Borja Jiménez reçoit son premier a puerta gayola et par une larga cambiada de rodillas dans laquelle il doit se jeter à terre afin d’éviter la charge incontrôlée du toro. La cape est accrochée dans toutes les passes subséquentes. Le tercio de varas est mené dans le désordre et sans que le toro y montre de la conviction. Brindis au public. Le début de trasteo par le bas en marchant vers le centre est prometteur. Le première série droitière liée est construite sans céder de terrain. La suivante commence idem et termine avec la jambe de sortie effacée. Borja poursuit à droite, en ligne, sans imposer de trajectoires vers l’intérieur. À gauche les passes forcées sont réalisées en ligne. Un final nettement plus effectiste que profond, en plusieurs passages, précède une entière contraria portée al encuentro à l’initiative du toro. Oreille généreuse demandée par les tendidos et accordée.
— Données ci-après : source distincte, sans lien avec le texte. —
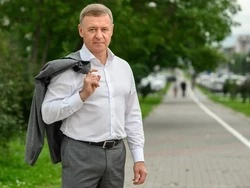 Мэр Южно-Сахалинска Сергей Надсадин рассказал о себе, своей семье и городе 
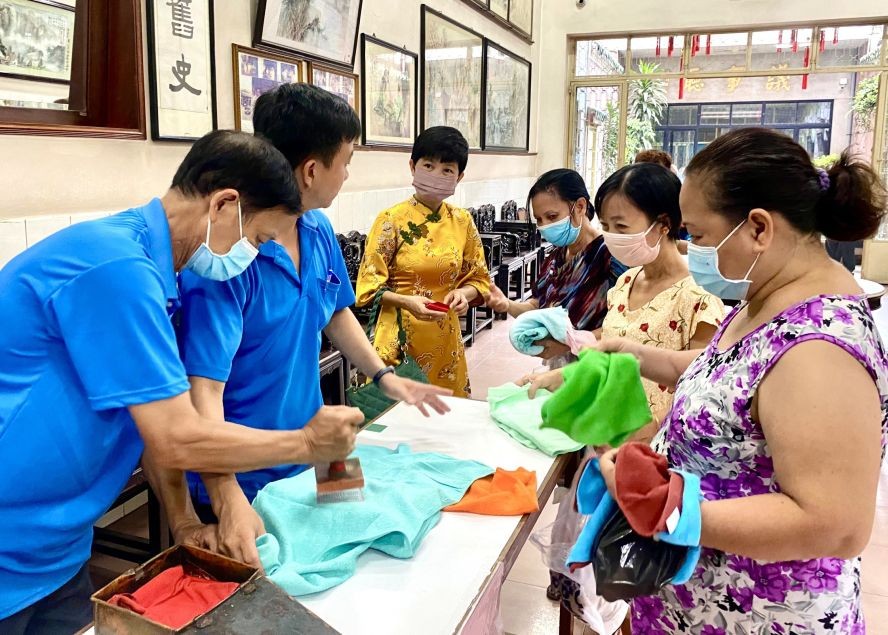 善信拿来毛巾和衣服来盖印。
Borja Jiménez reçoit de nouveau son second a puerta gayola avec une larga cambiada à genoux limpide suivie de véroniques et chicuelinas électriques qui enflamment le conclave. Le tercio de varas est ostensiblement limité au minimum, ce que certains protestent. Luque réalise un quite par gaoneras auquel Jiménez répond par chicuelinas. La pluie fait son apparition. Début de faena en ligne sur jambe fléchie. Les derechazos "cités" al hilo et dessinés en ligne se transforment dans la seconde série en muletazos plus ajustés et esthétiques. Mis en dificulté au troisième passage droitier parce qu’il est fuera de cacho, Borja se réfugie dans des effets moins exigents. À gauche, il garde ses distances en plusieurs séries dont le rythme plait. Le final est un exercice d’enroulement sans maîtrise de la charge qui enthousiasme, malgré tout, le public. On peut dire que le Sévillan a laissé le toro vaguer à sa guise. Il part de loin pour porter une épée en évitant de passer au guichet des vaillants. Oreilles sollicitées et une seule accordée.
Pour la troisième fois Jiménez se rend a puerta gayola pour la larga de rodillas et les véroniques sur le passage. Le toro s’emploie sans classe au cheval en deux rencontres. Bref quite de Luque par véroniques. Grande performance de Juan Sierra au second tiers qui est invité à saluer, à mon sens le moment le plus torero de la corrida. Brindis au public. Depuis le centre, Borja "cite" pour des cambios dans le dos enchainés avec des derechazos verticaux sans replacement. La suite baisse de ton avec une brève perte de régime du FY. Pour compenser, Borja "cite" de loin pour profiter de l’inertie. Le toro retrouve de la mobilité. Les derechazos en ligne et "cités" al hilo manquent d’intensité. À gauche, les naturelles servies avec les vuelos, dont certaines somptueuses, ravissent le public en deux séries. Les doblones por dentro allant a menos avec final accroché sont un signe du manque de dominio. Avec sa nouvelle technique d’évitement, Borja manque sa première entrée a matar et porte ensuite une entière d’effet rapide. Oreille.